Internet data usage cost higher for what I don't know as we still have the same three laptops and one desktop and are not using them more now than 10 months ago. Phone charges and services up on landlines with no additional long distance cost or cell phone bills being extra high when I hardly use the damn phone except for unlimited text and then their cockamania story which does not solve the problem when one calls to enquire about the high charges.
Guess what too ?you had better not be late paying or they call your home a million times figuratively speaking like the time we were on vacation and came home to see Bell called 6 times and we were only three days past due..
We had to remind them we always pay on time and in full .Bastards.!
You also better make sure your phone was from a Bell store as they will charge you for any problem with your landline if you are not using a Bell phone. Another thing make sure you have the wire care plan to prevent you from paying if something were to go wrong with your line. Oh boy where are the good old days!
I do not know if is because Bell's Customer Service Reps are "outsourced" and perhaps cannot explain re english a second language or that Bell is just looking to rip customers off to make huge profits for themselves.
I received a credit from Bell in December if I can recall after many customers had filed a class action suit against Bell re high bills etc and luckily for me I benefited.
It is really time we consumers speak up. With so much competion I cannot for the life of me understand why these phone and Internet service providers charge so much.perhaps because they know we canadians are addicted to the internet and cell phones.It baffles my mind really.
Read below this story I read on Yahoo and by a CBC reporter,see if you identify. Poor couple. I feel for them
""A couple from Merritt, B.C., have been battling Bell Canadafor months over enormous bills — which they call outrageous and unwarranted — for thousands of dollars in unexplained data charges on their smartphone.
"They basically made us scared of our phone," said Daniel Methot.
"We just stopped using it. We shut it off," added his wife, Kate.
The Methots got their first shock soon after Kate signed up for the phone in October. She received a bill for over $1,000, mainly data charges.
"My wife looked at me and I thought, 'Oh boy, what did I do that I didn't know that I had done? I am in trouble,'" Daniel recalled.
At first, the couple said, they panicked, thinking they must have mistakenly downloaded something that used up a tremendous amount of data.
"I basically deleted every app that I had downloaded and just started to be a lot more conservative with the data use, and that's all I could do," Daniel said. "We never thought we would be billed for something we weren't using. That was sort of a new concept for us."
"We asked [Bell] what the problem was and they really couldn't give us an answer," Kate added.
Despite their efforts to minimize use of their Samsung Galaxy smartphone, they said, the bills continued to mount for hundreds of hours of data usage.
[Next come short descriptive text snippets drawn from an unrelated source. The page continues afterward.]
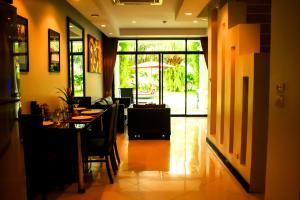 Palm Grove Resort, Pattaya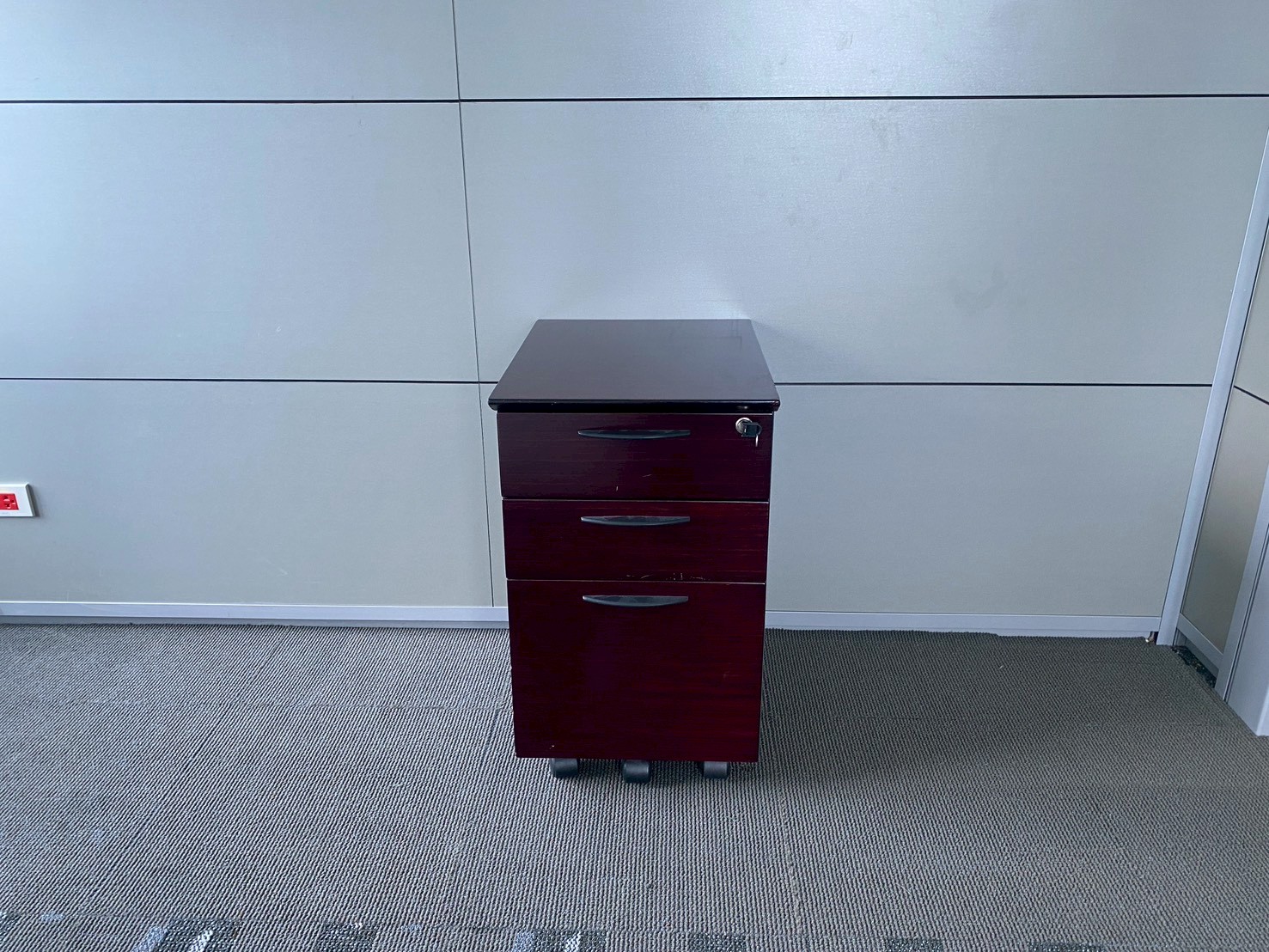 ตู้เอกสาร ตู้โมบาย 3 ลิ้นชัก ล้อเลื่อน สีน้ำตาลเข้ม (1)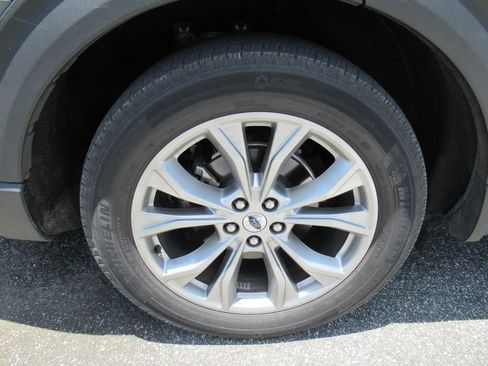 Used 2024 Ford Explorer XLT w/ Equipment Group 202A RWD image 5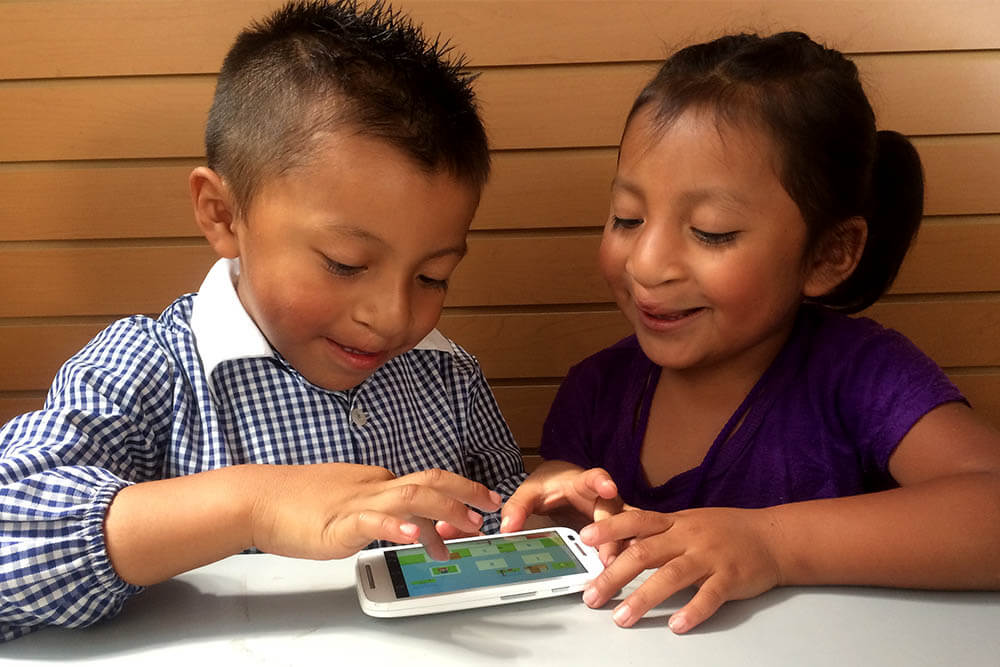 Deux enfants jouent avec l'application Smile Train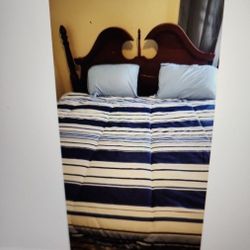 Full Wooden King Bed With An Headboard, Plus A 12 Inch Sealy Matress And Boxes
In December, Bell's bill included a charge for 30 hours of data usage in one 24-hour period. By that time, the couple's account had skyrocketed to $3,515.13.
The Methots estimate they've been overcharged more than $5,000 to date.
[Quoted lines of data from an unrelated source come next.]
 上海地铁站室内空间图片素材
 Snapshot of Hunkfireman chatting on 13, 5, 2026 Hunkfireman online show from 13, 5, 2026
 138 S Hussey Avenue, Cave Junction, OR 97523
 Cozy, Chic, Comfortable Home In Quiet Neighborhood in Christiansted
"Had we been paying these bills blindly without asking any questions we would be out $5,162.80 over a course of about five months," Daniel said.
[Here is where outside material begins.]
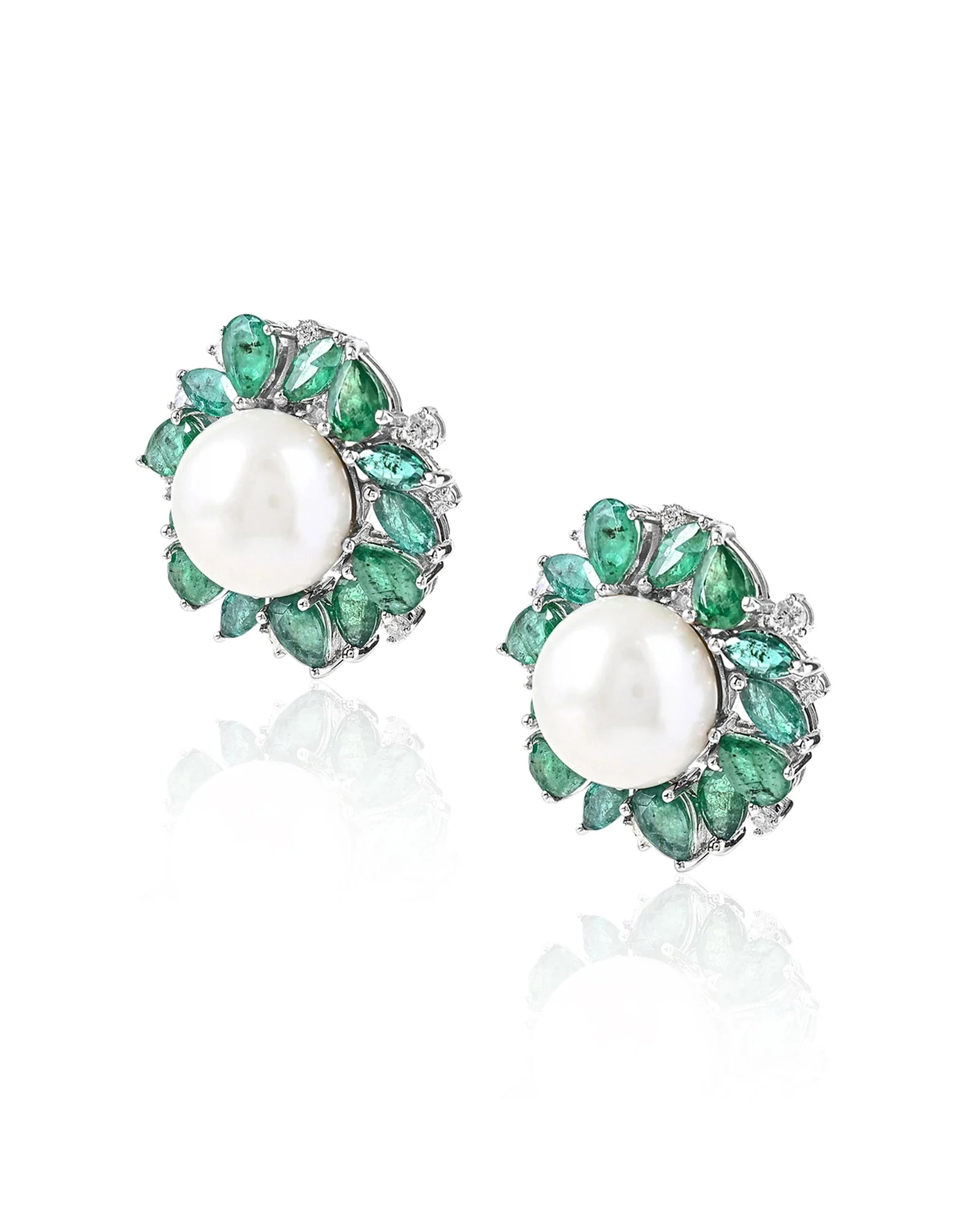 Pearl Oasis Studs - Image 3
The couple said it would be impossible for them to spend that much time on their smartphone.
"My husband is in a business where he can't sit on his phone all day, and we have a nine-month-old daughter and she requires a lot of attention," Kate said. "So I can't be on my phone or on the internet all day."
"It should have been a no-brainer for Bell," Daniel said. "Something wrong is happening here and [Bell] should probably fix it."
CBC News asked Bell several times for a response to the Methots' complaint. While refusing an in-depth interview on the topic, Bell told CBC News it cannot yet explain what is happening with the account.
"I'm still going to pursue the deeper, more intensive technical investigation into the Methots' data usage and am hopeful that this will yield some answers," Bell spokesperson Jason Laszlo said.
One possible explanation Bell gave is that perhaps someone else is tapping into the phone and using it to connect to the internet without the Methots' knowledge.
"The one possibility that kept being raised was that the device's mobile hot-spot feature may be on. This feature turns the device into a wireless modem which can connect up to three other devices via Wi-Fi."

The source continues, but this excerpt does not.